"what if you're dealing with hundreds of millions records?"
Then just write it in C :)
Let me try to rephrase my argument. Sometimes you care about every last cycle, most of the time you care about making it a little bit faster and then you're done. Sometimes your program needs large scale changes to global data structures that change the work done, sometimes it needs core inner loops to just go faster. Sometimes your program is still evolving, and sometimes you know what you want and don't expect changes.
just a little faster + work smarter => rearchitect within arc.
just a little faster + faster inner loops => rewrite them in C
every last cycle + rigid requirements => gradually rewrite the whole thing in C and then do micro-optimizations on the C sources. You could do arc optimizations here, but this is my bias.
every last cycle + still evolving => ask lkml :)
If you're doing optimizations for fun, more power to you. It's pretty clear I'm more enamored with the readability problem than the performance problem.
I don't want to sound more certain than I am about all this. Lately I spend all my time in the 'just a little faster' quadrant, and I like it that way.
"The key, in all this, is to understand these languages well enough to make good judgment calls on where best to invest ones time."
I don't disagree with your thought's, however I don't think they account for the TCQ aspect of everyone's situation.
Let's put put it another way. In my situation, if I have to look a using C then it's already game over[1]. However I can, with my limited amount of time (lunches, evenings and weekends) become proficient enough in Clojure (with a continual thanks to Arc).
What I am suggesting is that knowing the language well enough to easily identify these 50%+ hitters is a matter of finding low hanging fruit and at the same time becoming a better Arc/Clojure programmer. It does not mean I want to change my direction in the heavily-optimized/low-level to high-level/low-maintenance/readable code continuum.
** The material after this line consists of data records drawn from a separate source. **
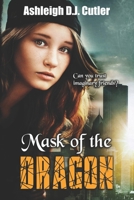 Mask of the Dragon 069271216X Book Cover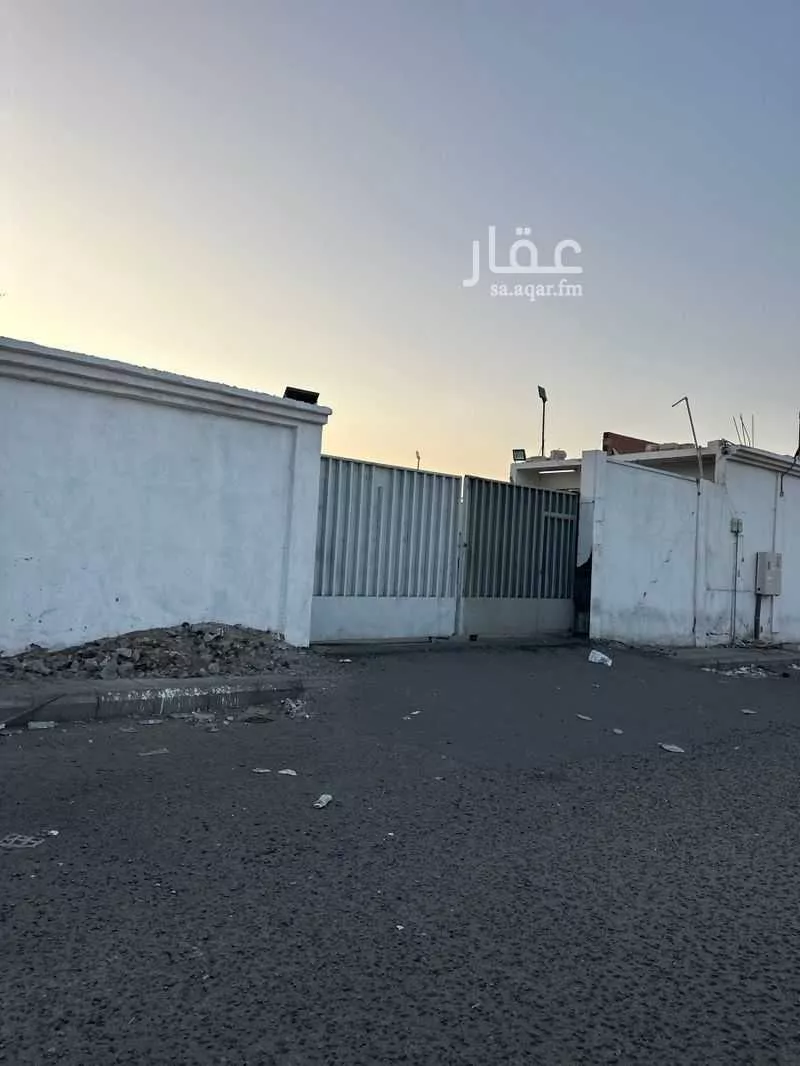 land in Al Nakheel, Jeddah 3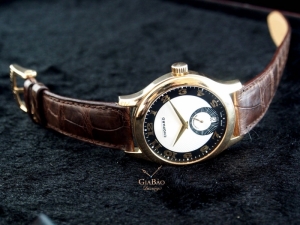 Đồng hồ CHOPARD L.U.C. CLASSIC MARK III 161905-5001 (lướt)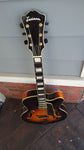 2016 Eastman AR Jazz Elite 17 SB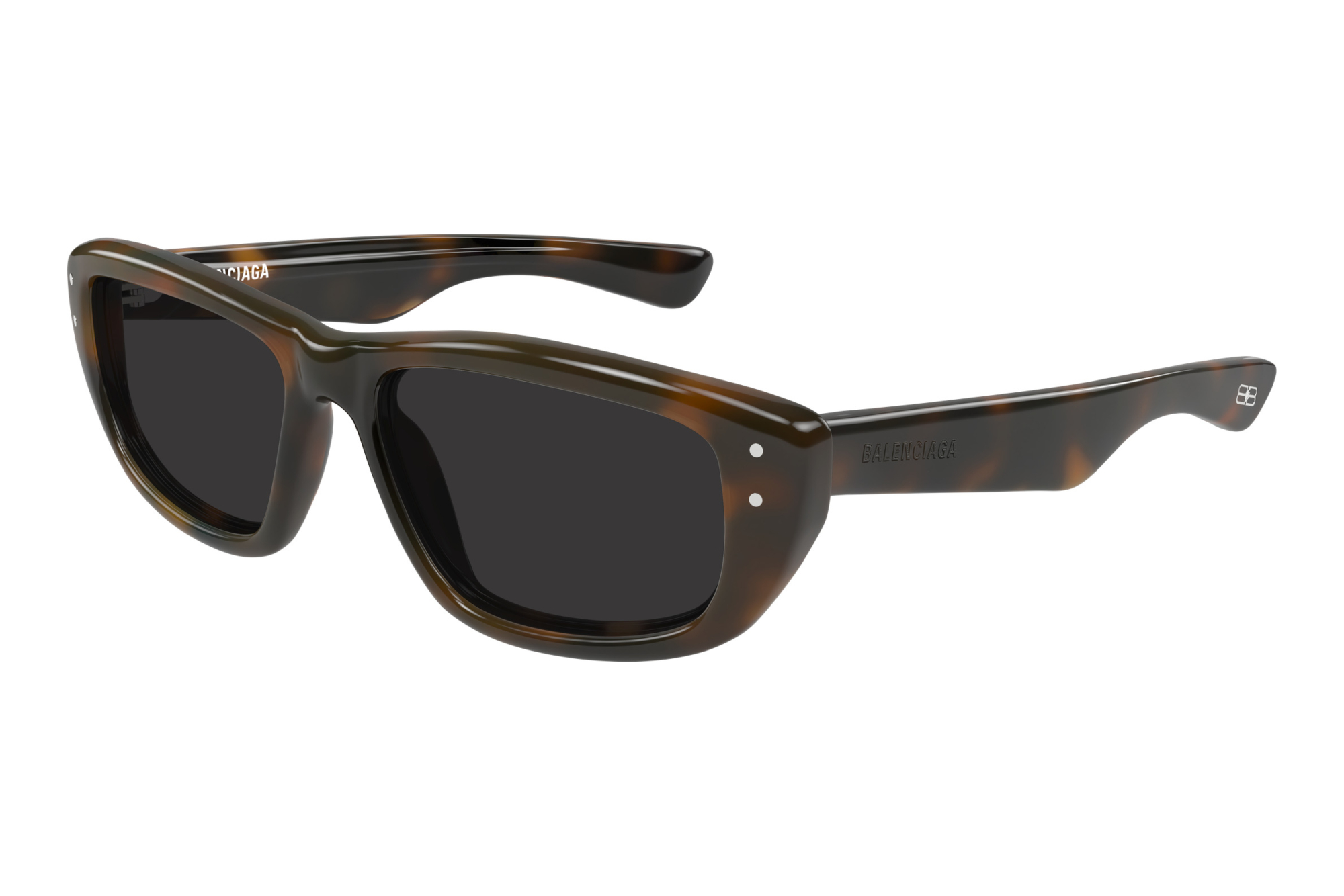 Balenciaga BB0520S 002 HAVANA Balenciaga BB0520S 002 HAVANA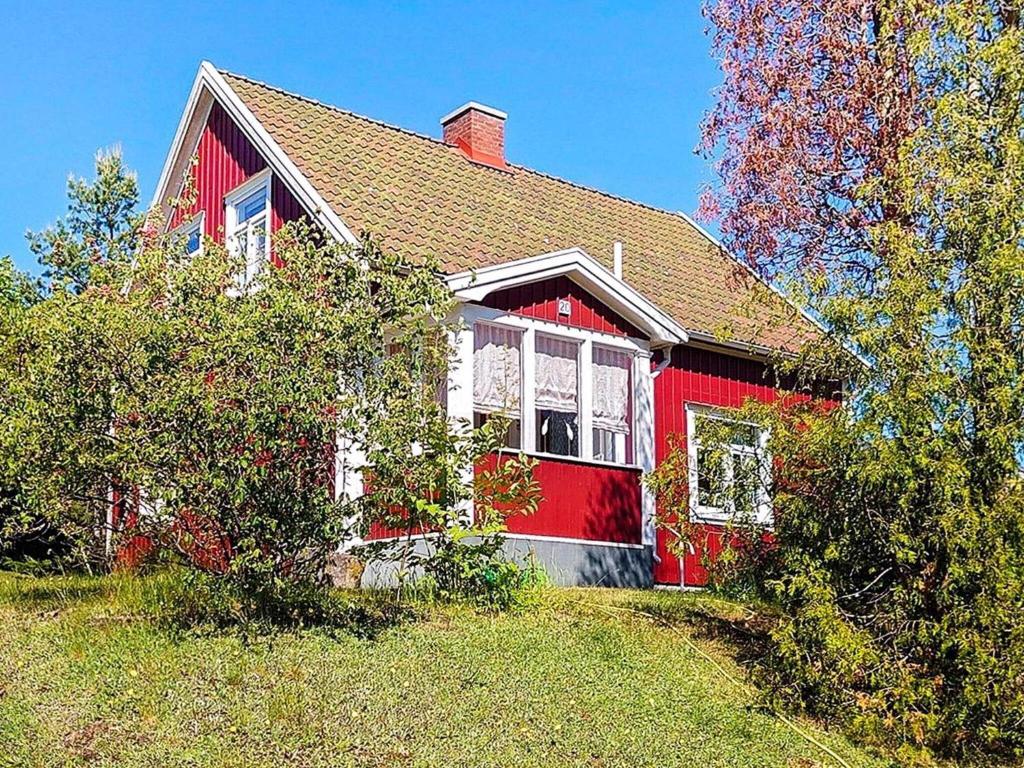 Holiday home BRUZAHOLM II photo 1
[1] I'm not a programmer[2], I am a business analyst that works with software that simulates oil & gas production from reservoirs that sit several hundred kilometers underground. Simulation scenario's are run for 20 year production periods across hundreds of interdependent wells. The current software tools run the simulations across many cores, they take 8 days to run to completion and they cost about a half a million dollars per seat (+18% per year maintenance fees). This cost can be attributed to the R&D that occurred 8-10 years ago (i.e they required a team(s?) of P.Engs writing software in C to maximize the performance). Eight years ago you couldn't do (pmap[3] (sortby-commonest or whatever.... )) so easily. Nowadays I have the opportunity to create a 70% solution all by my lonesome, costing only a portion of my time. Hence why understanding the language well enough to find the low hanging fruit and not having to use C, is probably bigger deal to me.
[2] Well, maybe I shouldn't say this... rather I should say it's not my day job. I have no formal education in the field. I'm pretty much self taught.
[3] pmap is the same as map only it distributes the load across multiple processors in parallel.